Я тоже не знаю, как долго продолжалась прогулка по Воробьевым горам, кто и какие приводил аргументы, но результат ее известен – отец, с помощью Микояна или без него, «доломал» Кагановича, а тот, видимо, в свою очередь, уговорил Молотова не настаивать.
Так или иначе, но на следующий день обстановка в Президиуме ЦК переменилась. В самом начале обсуждения польского вопроса отец твердо расставил все точки над «и»: «Учитывая обстановку, следует отказаться от вооруженного вмешательства. Проявить терпимость».
«Все согласны», – записал Малин345. «Все» – значит, и Молотов с Кагановичем.
Дальше перешли к обсуждению будущего советских советников в польских учреждениях, цен на польский уголь, отзыва советских генералов, служивших в польских вооруженных силах.
Однако Молотов окончательно не смирился. Он не сомневался – за Гомулкой во власть потянутся его «подельники», те, кого при Сталине держали не в ЦК, а в тюрьме. Он посчитал необходимым дать «оценку» событиям в Польше, предложил товарищам Микояну, Кагановичу, Молотову и Шепилову подготовить информацию для встречи с представителями братских партий. Какую «информацию» подготовят Молотов, Каганович вместе с Микояном и Шепиловым, догадаться не трудно – осудят, заклеймят, пригвоздят к позорному столбу.
«Товарищи Хрущев и Булганин высказываются за то, чтобы не писать такую информацию.
Товарищи Каганович и Молотов настаивают, что оценку положения надо дать. В политике польской партии произошли изменения», – записал Малин. Снова заспорили, с одной стороны, Молотов с Кагановичем, с другой – Хрущев с Булганиным. Остальные члены Президиума ЦК не вмешивались, в том числе и Микоян. Сошлись на том, что с оценкой смены власти в Польше следует повременить, дождаться опубликования решений Пленума ПОРП, завершавшегося в этот день, 21 октября, свою работу»346.

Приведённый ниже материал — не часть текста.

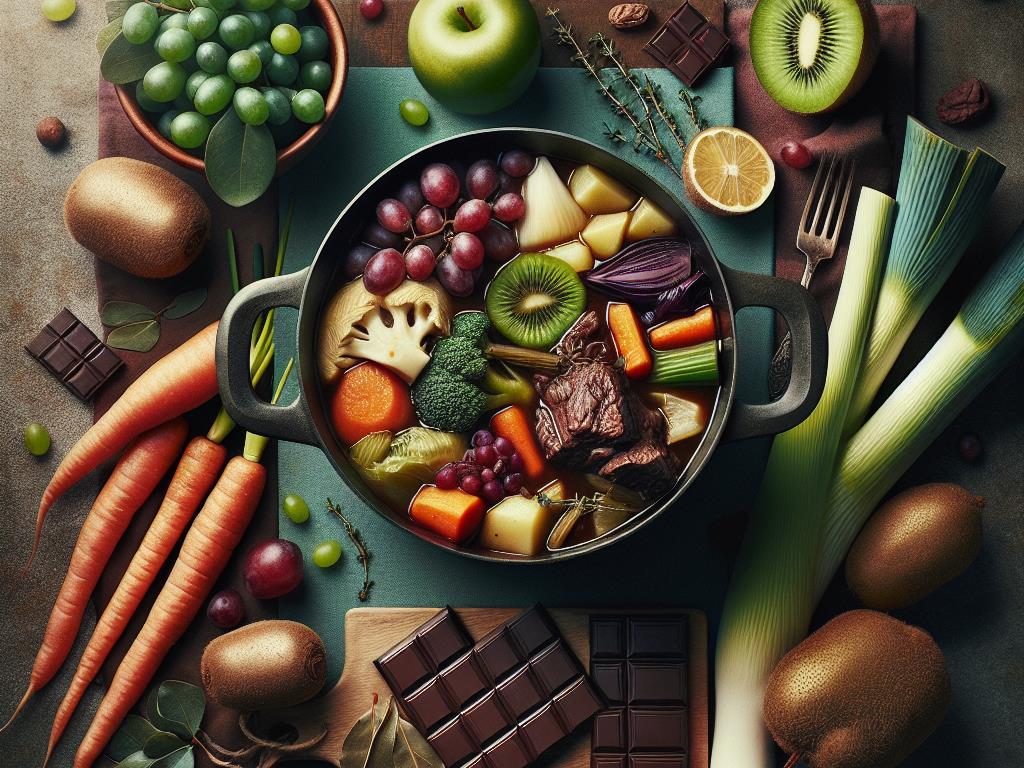 image-77 Potée Savoureuse au Petit Salé et Fruits Frais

Итак, крови удалось избежать, избежать благодаря решительности и воле, как отца, так и Гомулки, у которого в Варшаве имелись свои горячие головы, свои «Молотовы с Кагановичами». Один четко указал границы приемлемого для Советского Союза, другой продемонстрировал понимание позиции соседа и, что важнее, способность контролировать ситуацию в Польше. С тех октябрьских дней отец и Гомулка стали не только союзниками, но и друзьями. Правда, некоторая дистанция сохранялась: отец звал Гомулку по имени, «Веслав», а Гомулка отца – «товарищ Хрущев».
Совсем иначе разворачивались дела в Венгрии. По каким-то своим соображениям отец туда не поехал, послал Микояна с Сусловым. То ли он не посчитал обстановку столь же критической, как в Польше, то ли после столкновения с Молотовым и Кагановичем возобладала концепция «коллективного» руководства. Не знаю. Ясно одно: доверивши разрешение кризиса не тем людям, отец совершил ошибку, которая дорого обошлась и венграм, и нам.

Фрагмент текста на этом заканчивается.